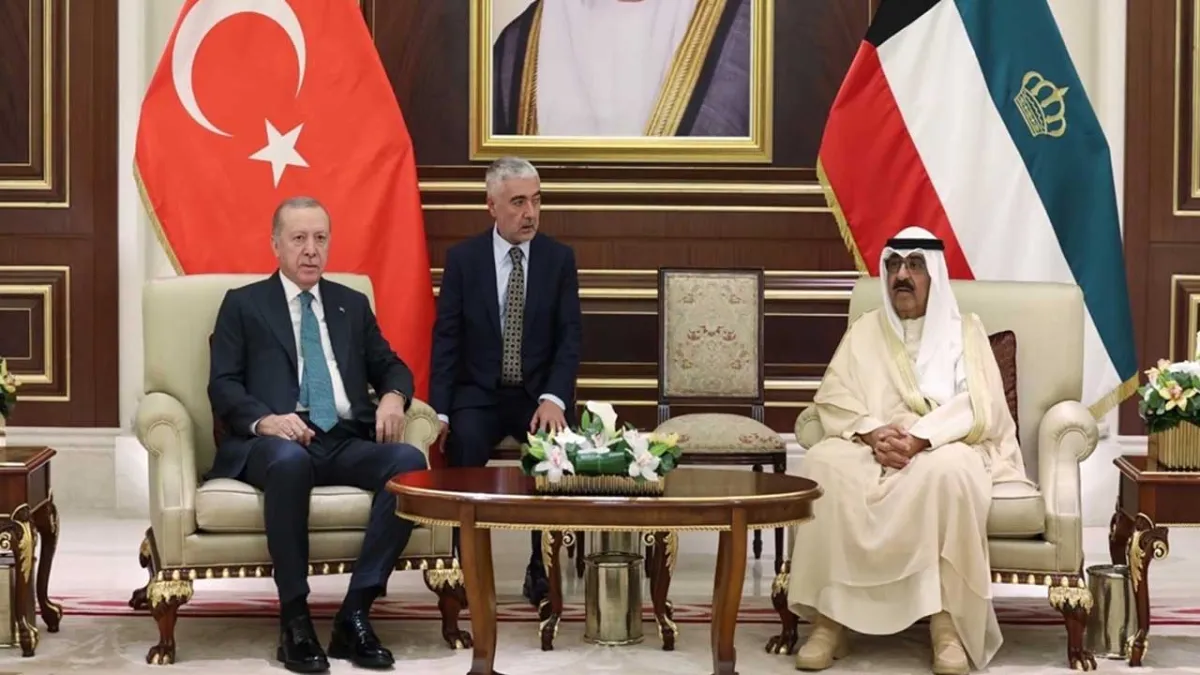 Cumhurbaşkanı Erdoğan'dan Kuveyt Emiri’ne Togg hediyesi: İki ülke arasında 4 kritik anlaşma imzalandı haberinin görseli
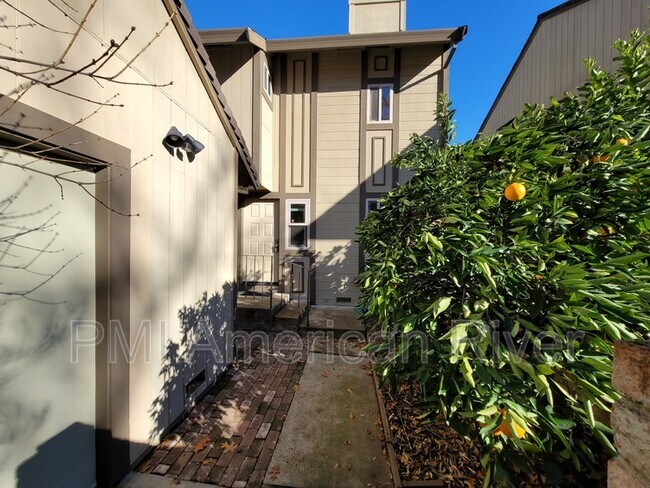 Building Photo - 7068 San Jacinto Ct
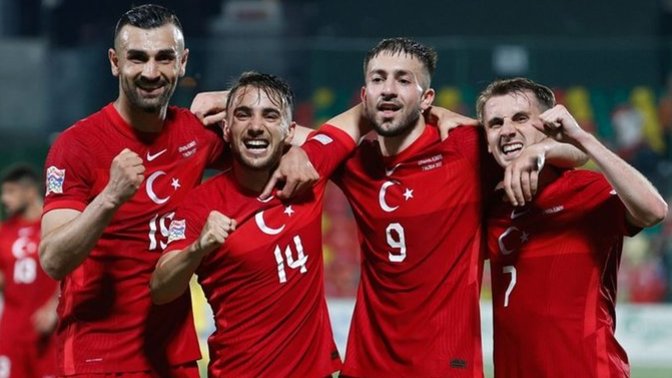 Sizce A Mili Takım'ımızın teknik direktörü kim olmalı?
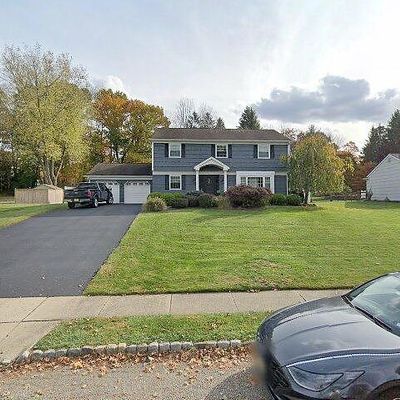 31 Phoenix Dr, Mendham, NJ 07945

::::::::

**PROBLEM REQUIREMENTS:**
Retype the data above exactly. Leave the pictures out.

**ANSWER BOX:**
 Cumhurbaşkanı Erdoğan'dan Kuveyt Emiri’ne Togg hediyesi: İki ülke arasında 4 kritik anlaşma imzalandı haberinin görseli
 Building Photo - 7068 San Jacinto Ct
 Sizce A Mili Takım'ımızın teknik direktörü kim olmalı?
 31 Phoenix Dr, Mendham, NJ 07945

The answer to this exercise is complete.